Batalla de la concordia

El pueblo de Concord, Massachusetts, fue alertado del avance de las fuerzas británicas por el Dr. Samuel Prescott poco después de la medianoche del 19 de abril. Las campanas de la iglesia hicieron sonar la alarma, convocando a los Minutemen de los alrededores. A primeras horas de la mañana, varios cientos de hombres se habían reunido en la ciudad y comenzaron una marcha lenta hacia los casacas rojas que se acercaban, que habían dispersado fácilmente a la milicia en Lexington. Sin embargo, cuando los estadounidenses avistaron por primera vez la fuerza de avance británica, cambiaron bruscamente de dirección y se retiraron a la cima de una colina en las afueras de la ciudad.

A las 7:30 a.m., la fuerza británica entró en Concord con la intención de dos objetivos: destruir armas y desayunar. Un lugareño fue obligado a punta de pistola a revelar dónde había sido enterrado el cañón de la ciudad unas horas antes. Fue desenterrado y desactivado rápidamente. Otros casacas rojas registraron casas en la ciudad en busca de armas y compraron comida a residentes reacios.

La milicia cercana había aumentado a una fuerza de más de 400 hombres. Desde su posición ventajosa, vieron humo saliendo de la ciudad y supusieron que sus casas habían sido incendiadas. De hecho, los británicos simplemente habían construido una hoguera para deshacerse de algunos equipos militares y el poste de la libertad local.

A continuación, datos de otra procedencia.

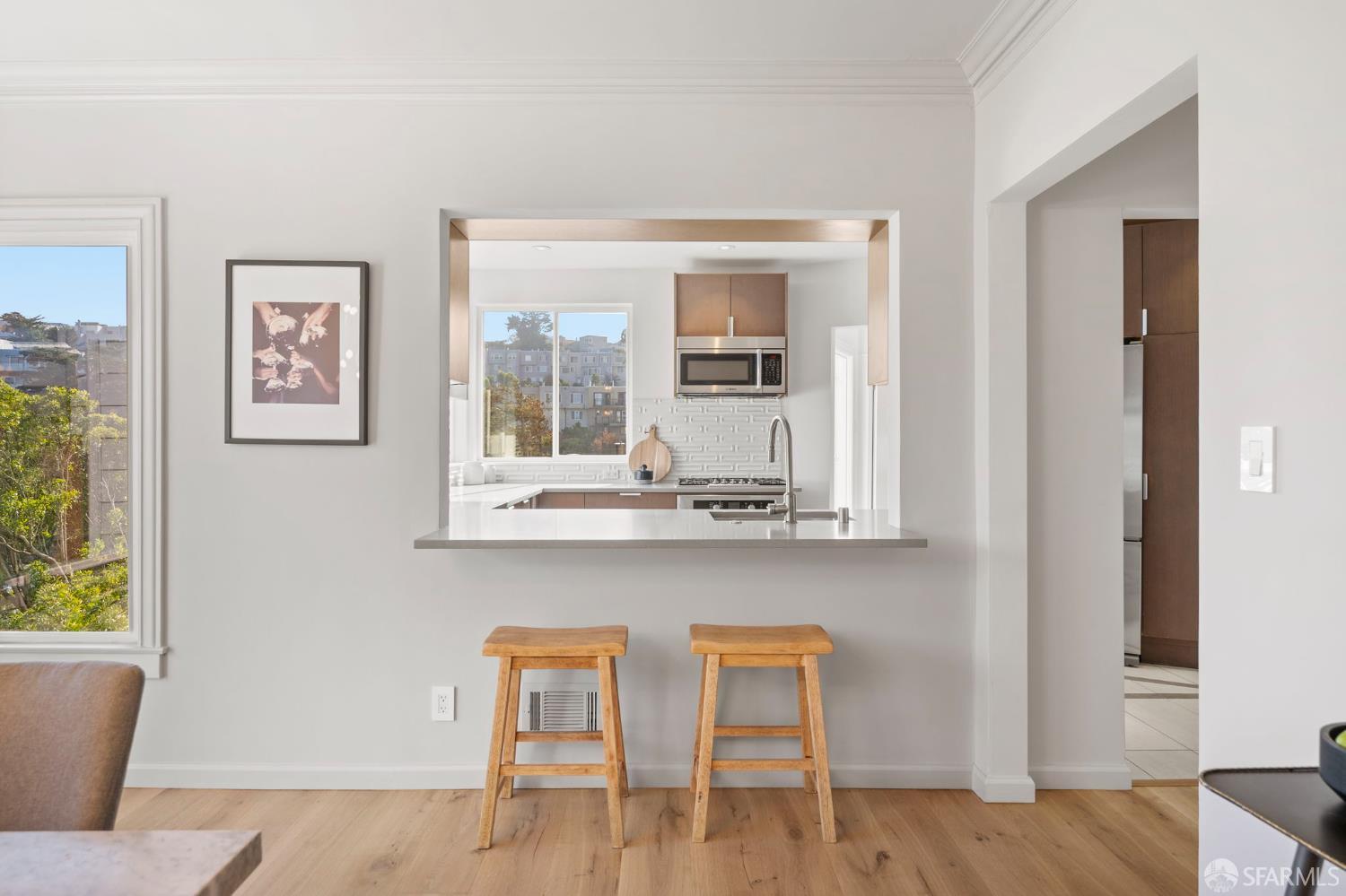 Detail Gallery Image 13 of 81 For 11 Encline Ct, San Francisco,  CA 94127 - 3 Beds | 3/1 Baths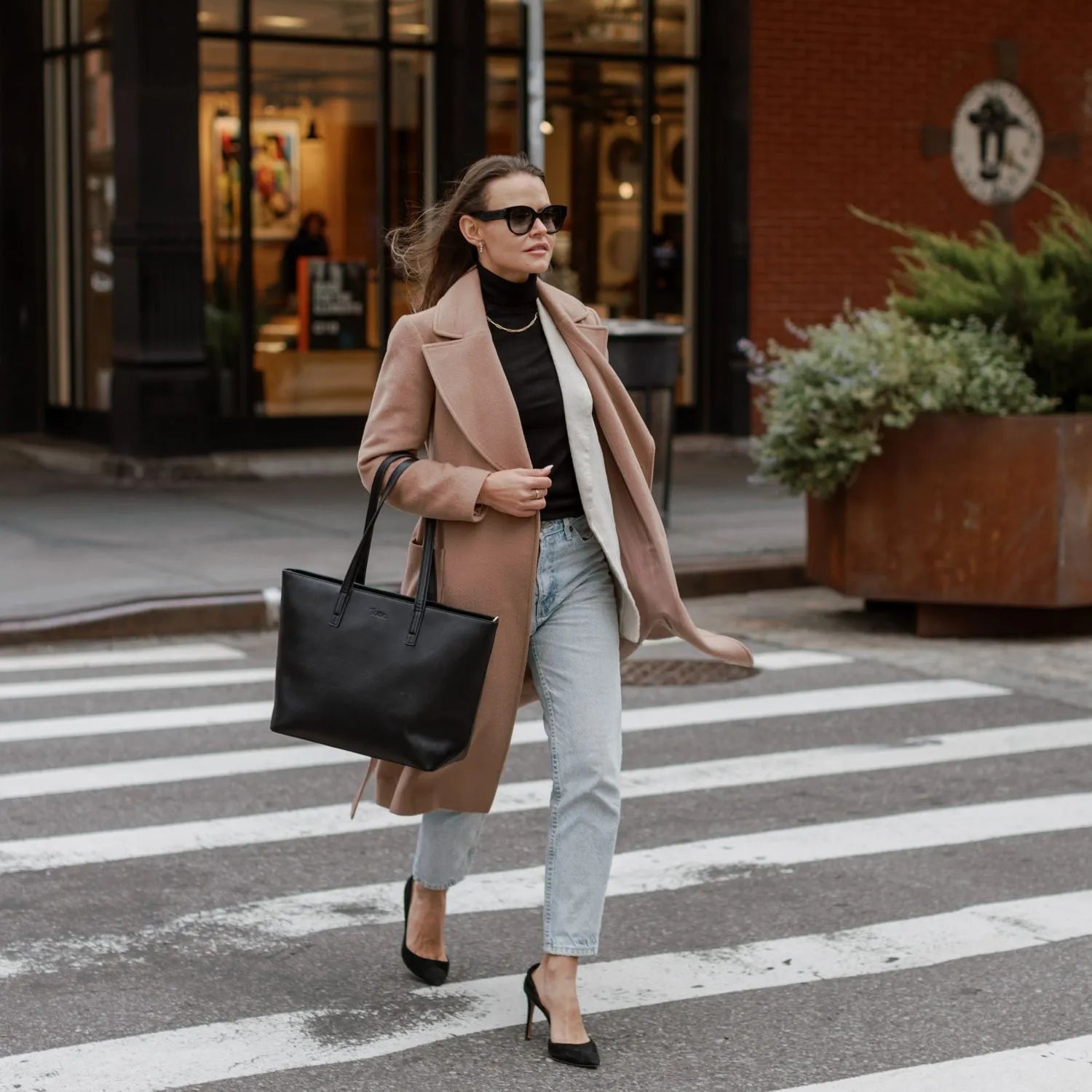 Black Structured Tote With Camel Coat — Classy Tote Bag Outfits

La milicia abandonó su retiro en la cima de la colina y regresó a la ciudad. En el camino, se enfrentaron a un contingente de fuerzas británicas en el Puente Norte sobre el río Concord. Sonaron varios disparos de fuentes inciertas. Nadie cayó y algunos de los milicianos asumieron que los casacas rojas simplemente estaban tratando de intimidarlos y que no tenían intención de abrir fuego. Esa ilusión se hizo añicos rápidamente cuando se lanzó una volea crepitante desde el lado británico. Dos estadounidenses murieron y el fuego se devolvió de inmediato. Las filas británicas se rompieron y los soldados se apresuraron a regresar a Concord, donde esperaron hasta el mediodía para recibir refuerzos de Boston. El alivio anticipado no había salido de la ciudad hasta las 9 a.m. y todavía estaba a kilómetros de distancia. La decisión británica de dejar Concord sin refuerzos al principio pareció acertada. Los milicianos estadounidenses inicialmente se quedaron en silencio y observaron la partida, pero más tarde los hombres locales comenzaron a tomar posiciones detrás de los árboles y cercas y dispararon contra el ejército que partía. Las campanas de la iglesia continuaron repicando y un número cada vez mayor de agricultores y trabajadores abandonaron sus tareas para unirse a la derrota. Los británicos estaban indignados por las tácticas estadounidenses, creyendo que los soldados de verdad se enfrentarían a sus enemigos al aire libre. En cambio, los colonos abrieron fuego desde posiciones ocultas mientras pasaba el ejército, luego corrieron hacia otro lugar protegido y repitieron el proceso. Los soldados británicos cansados ​​y enojados irrumpieron en las casas a lo largo del camino de la retirada. Cualquier hombre remotamente sospechoso de ser uno de los francotiradores recibió un disparo y su casa incendiada.

Las perspectivas británicas mejoraron algo en Lexington, donde finalmente se unieron a las fuerzas de socorro. Se habían traído dos cañones de Boston y se utilizaron con algún efecto en la marcha de regreso. Sin embargo, los ataques de francotiradores persiguieron a los británicos hasta las afueras de la ciudad. Al final del día, los milicianos estadounidenses comenzaron a rodear a sus oponentes y comenzaron los preparativos para un asedio.

Uno de los héroes del día fue el Dr. Joseph Warren, el líder patriota, quien arriesgó su vida repetidamente mientras atendía a los heridos y moribundos. Los combates en Lexington, Concord y en el camino de regreso a Boston tuvieron consecuencias militares insignificantes a largo plazo. Los británicos sufrieron horriblemente, con 73 muertos, 174 heridos y 26 desaparecidos. Los estadounidenses enumeraron 49 muertos, 39 heridos y cinco desaparecidos. Los colonos, sin embargo, recibieron un tremendo impulso de moral al avergonzar al aclamado ejército británico.